Cooperative energy ΔΔE as function of the energy cost of binding a ligand E₀ is sketched for the MWC model. The maximal cooperative energy that the system can reach is ΔΔE^∗. To see this figure in color, go online.

Mechanical consideration in the MWC model

Our observations (see the empirical section below) indicate that a significant fraction of allosteric proteins operate mainly along one normal mode of the elastic energy, supporting the idea that in these cases, a favored path connects the inactive and active configurations. We expand the energy (in the absence of ligand) in terms of the motion x along that path (in this two-states case, it is more convenient to choose a coordinate x varying between −1 and +1 as the protein undergoes its allosteric response). Note that if nonlinearities are present, this path is not along a single linear mode but bends in phase space. Our analysis below holds independently of such bending.
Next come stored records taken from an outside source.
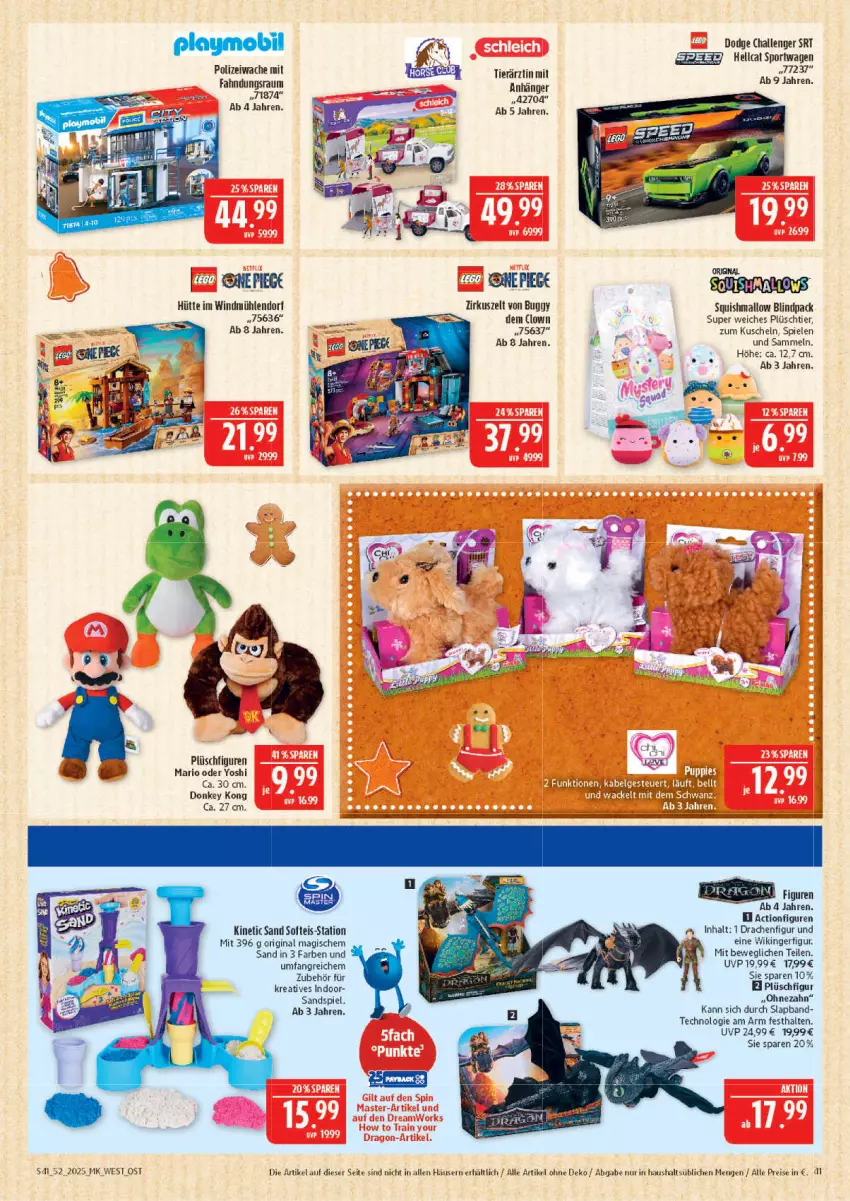 Aktueller Prospekt Marktkauf - Prospekt - von 21.12 bis 27.12.2025 - strona 41 - produkty: Anhänger, Buggy, eis, gin, playmobil, Plüsch, reis, Spiele, Sport, Ti, Yo, Zelt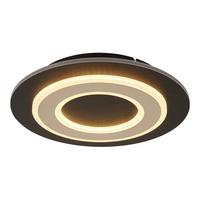 LED-DECKENLEUCHTE 48032A-24 JAYDEN - Weiss/Champagner, Konventionell, Holzwerkstoff/Kunststoff (32/5.5cm) - Globo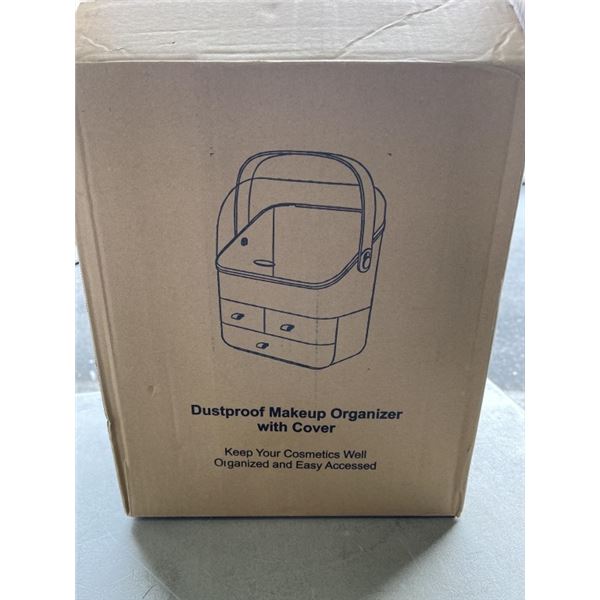 NEW DUSTPROOF MAKEUP ORGANIZER WITH COVER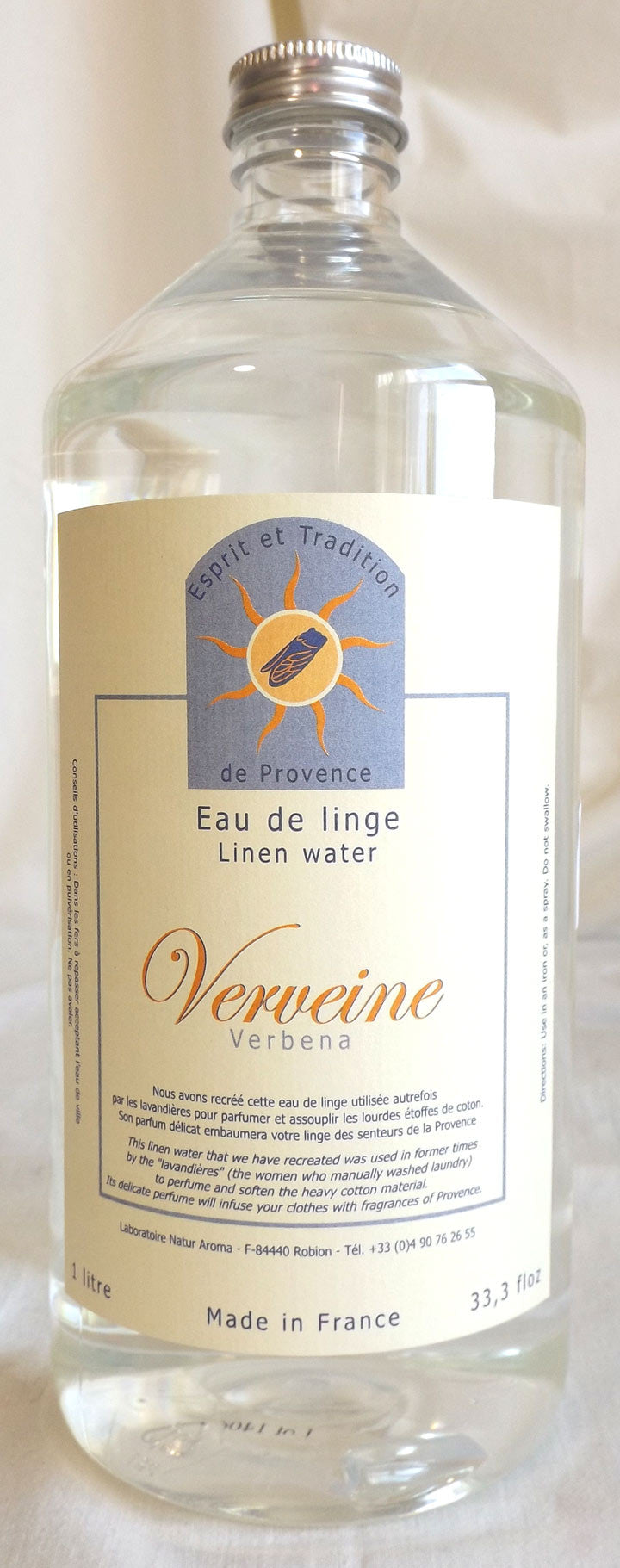 (S) LIMITED STOCK - LINEN WATER - Verbena - 1000 ml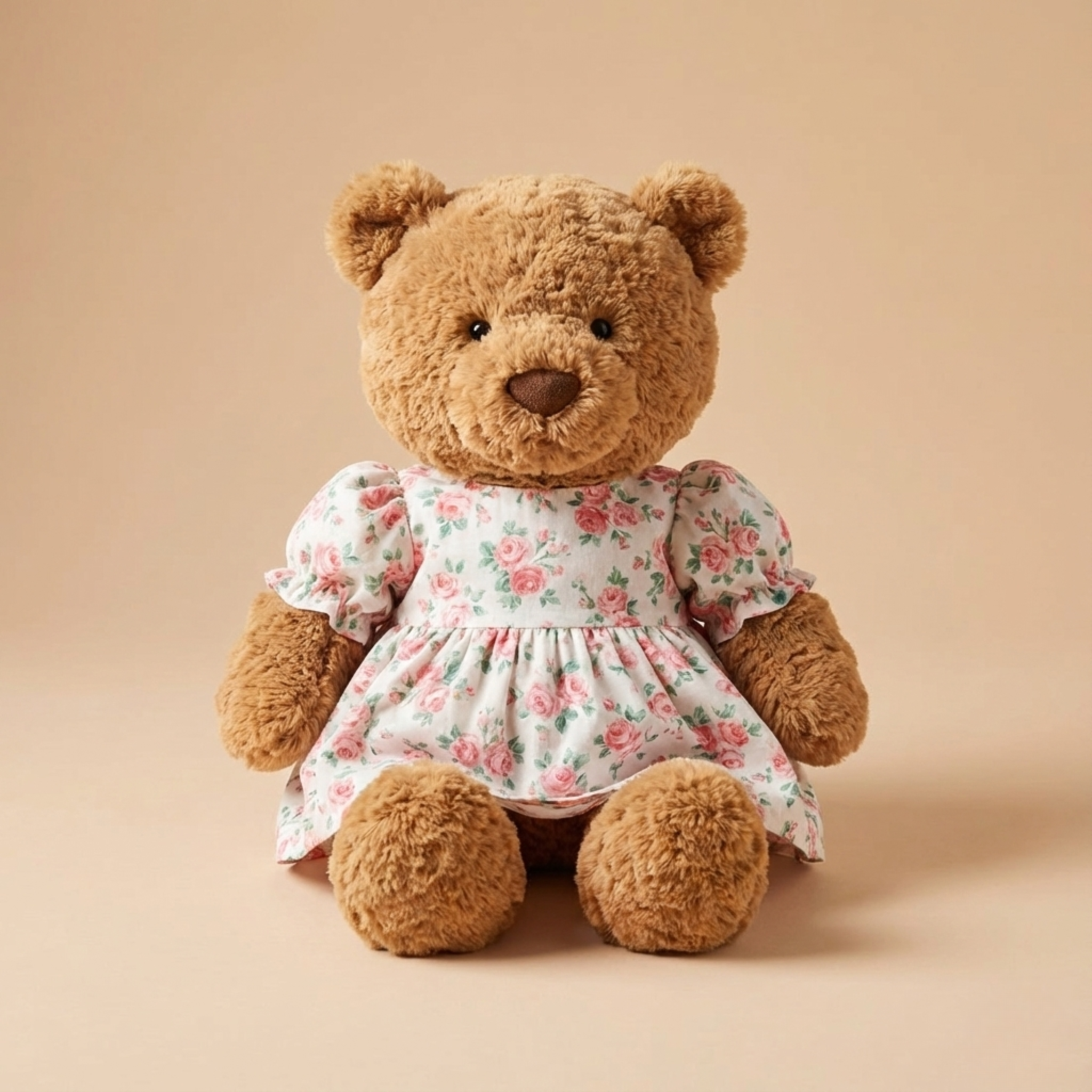 Jellycat Floral Puff Dress Outfit (For 47 cm Plush) – Jellycat plush stuffed animal outfit handmade doll clothes accessory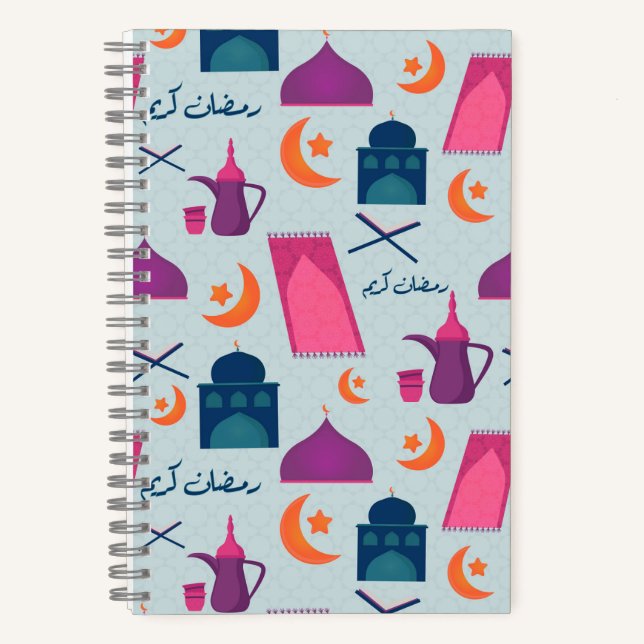 Carnet Motif Joyeux Ramadan (Recto)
We keep the minimal number of nonlinear terms that allow displaying two states (a polynomial of four degrees has five parameters; three of them can be fixed by redefining the reference energy and changing the definition of x by both a multiplicative and additive constants):

$$E_{00}\left(x\right)=k_a{\Vert d{R}_a\Vert }^2\left(\frac{1}{8}{x}^4-\frac{1}{4}{x}^2+xb\right),$$ (6)
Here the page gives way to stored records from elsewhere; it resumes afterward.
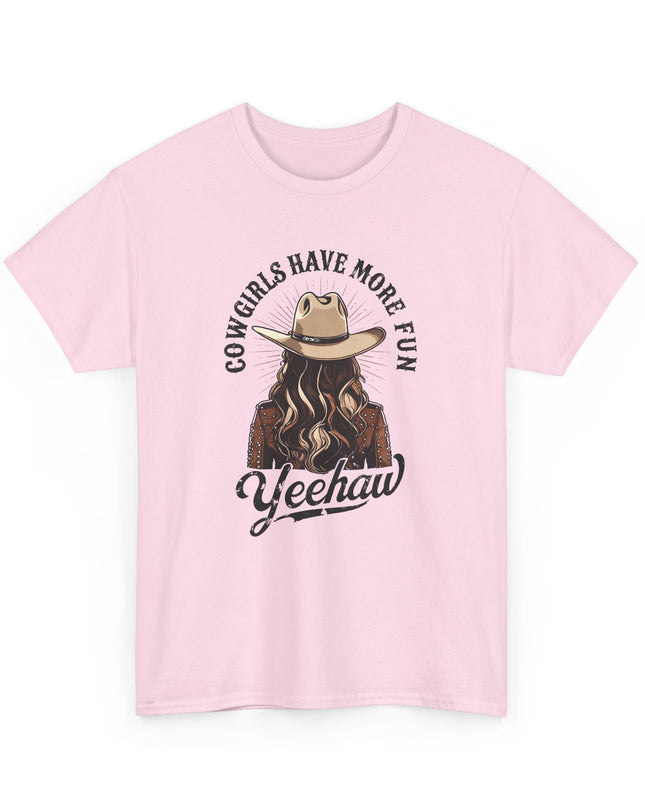 Cowgirls Have more Fun Shirt, Bachelorette Party Tee, Nashville Shirt, Western Shirt for Women, Western Shirt, Texas Shirt, Country Girl Era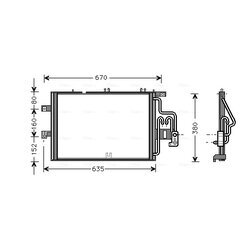 Kondenzátor klimatizácie AVA QUALITY COOLING OLA5309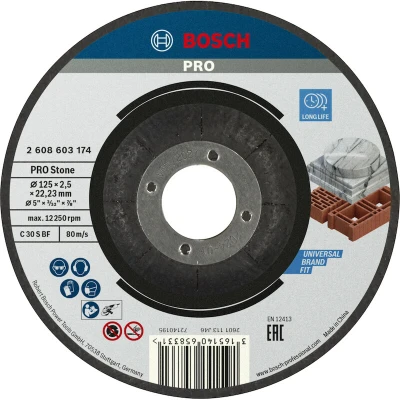 Afbeelding van Bosch Accessories 2608603174 Doorslijpschijf gebogen 125 mm 1 stuk(s)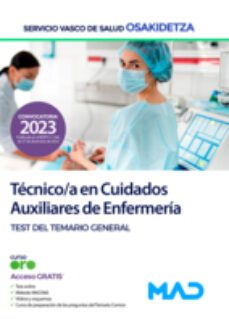 técnico/a en cuidados auxiliares de enfermería. test del temario general-9788414269039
where b is a parameter reflecting how the energy profile is tilted toward the inactive state, k_a characterizes the stiffness of the mode, and ||dR_a||² is the square norm of the allosteric response.

A typical profile following Eq. 6 is shown in Fig. 3 A. We denote by inactive the lowest of the two minima and the other one by active. Note that 1) in the case b = 0, Eq. 6 describes two identical minima at x = ±1 of stiffness k_a, separated by an energy barrier E_b = k_a ||δR_a||²/8. 2) When the parameter b is positive, we have E_Ac > E_In up to b = b_c = 1/$\left(3\sqrt{3}\right)$ where the active state becomes unstable and only a single stable state is left. 3) At fixed k_a, the energy difference between the two states E₀ is maximal at b = b_c, where one finds E₀ = $\frac{3}{8}$k_a ||dR_a||². 4) For small b, E₀ $\simeq$2k_a ||dR_a||²b. In what follows, we focus on the case b < b_c, where the population shift model lies.

Figure 3.

(A) Sketch of the energy profiles E₀₀(x) (black), E₁₀(x) (blue), and E₁₁(x) (red) between two states, active (Ac) and inactive (In), as a function of the motion x along the path connecting them. The energy difference E₀ between the inactive and active unbound state, the energy cost of binding one ligand ΔE, and the height of the energy barrier E_b are highlighted. (B) Maximal cooperative energy ΔΔE^∗ as function of the stiffness of the allosteric response k_a is given, showing (I) linear growth and (II) a plateau. Energy profiles for k_a$\ll k_a^{\ast }$, k_a ∼ $k_a^{\ast }$, and k_a$\gg k_a^{\ast }$ are shown in inset. There are obtained from the nonlinear elastic model of allostery described below. To see this figure in color, go online.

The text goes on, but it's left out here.